-- Material provided follows --
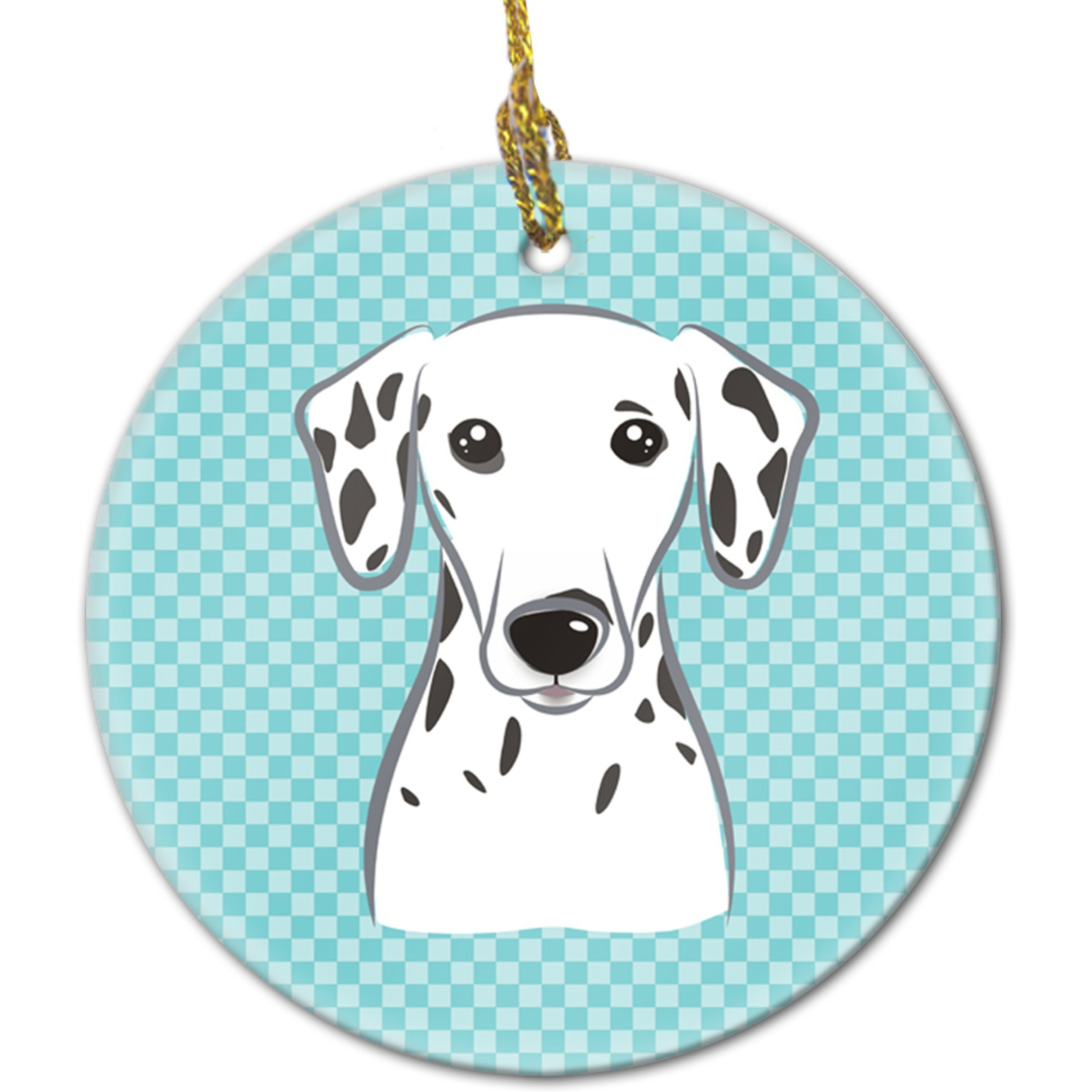 Checkerboard Blue Dalmatian Ceramic Ornament BB1148CO1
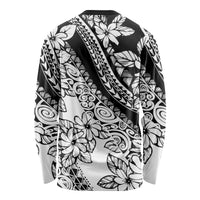 Polynesia Long Sleeve Shirt Polynesian Tropical Flowers Black Pastel Vibes - Wonder Print Shop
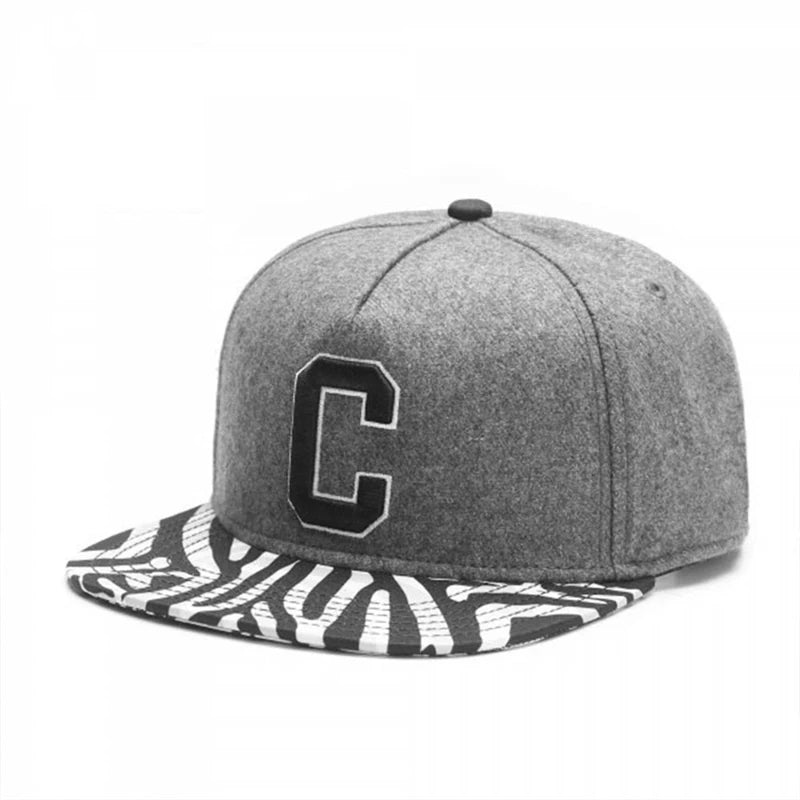 Unisex C Letter Embroidery Snapback Caps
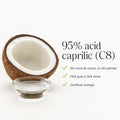Ulei MCT C8 — 95% acid caprilic, din nucă de cocos nu din palmier, fără gust și miros, certificat ecologic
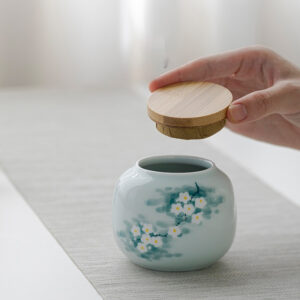 Misty Blue Hand Painted Spring Snow Tea Sealed Jar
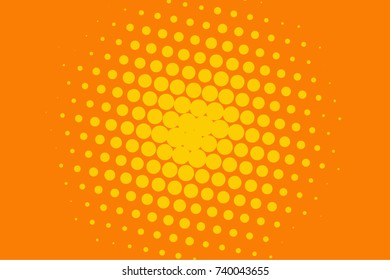  Abstract futuristic halftone pattern. Comic background. Dotted backdrop with circles, dots, point large scale. Design element for web banners, posters, cards, wallpapers, sites. Yellow, orange color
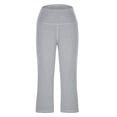 thumbnail image 6 of Capri Pants for Women High Waist Cropped Yoga Pants Straight Leg Athletic Workout Leggings with Pockets Light Gray M, 6 of 6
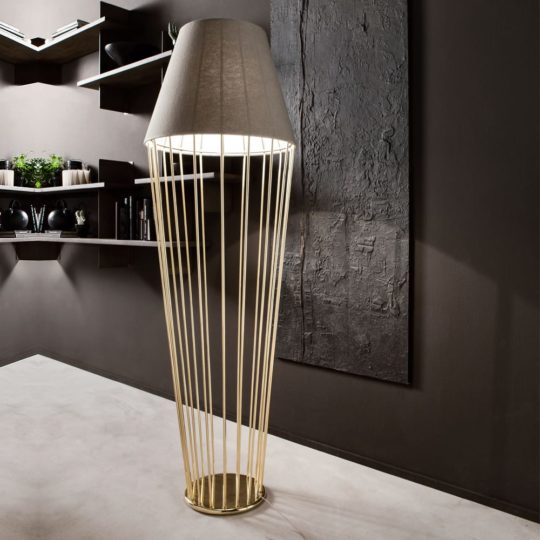 Modern Italian Gold Plated Floor Lamp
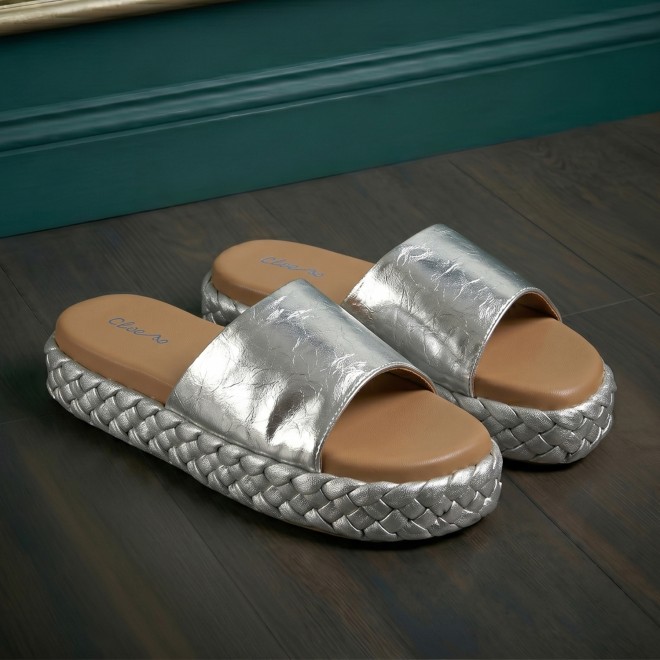 Cheemo Women Silver Casual Slip Ons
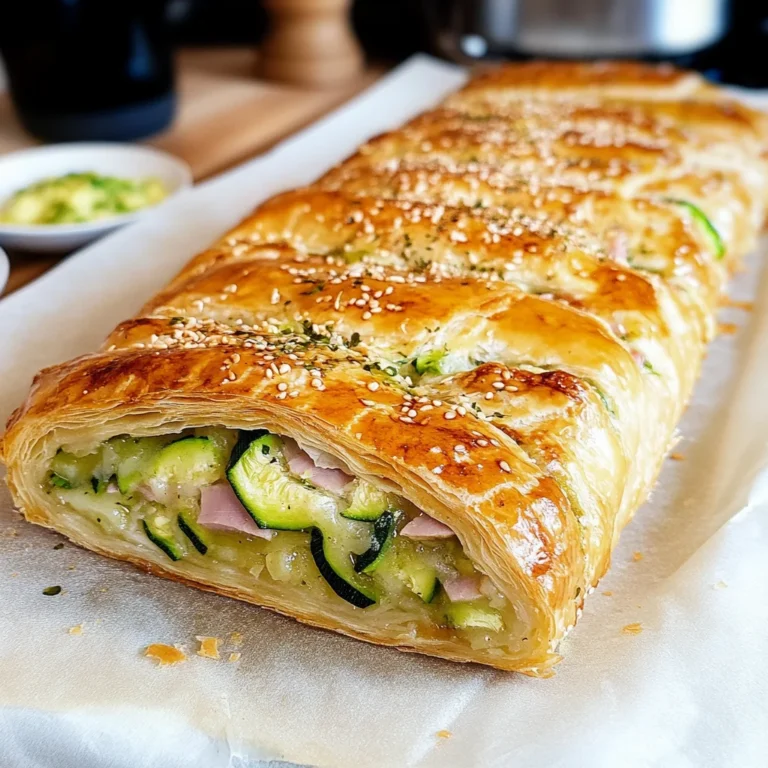 Strudel salato zucchine e prosciutto di pollo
-- Material provided concluded --
#### Required work
From the line containing "Cheemo Women Silver Casual Slip Ons" through the last line of the entries, copy each line exactly and only those, skipping all pictures.

#### Exercise response
 Cheemo Women Silver Casual Slip Ons
 Strudel salato zucchine e prosciutto di pollo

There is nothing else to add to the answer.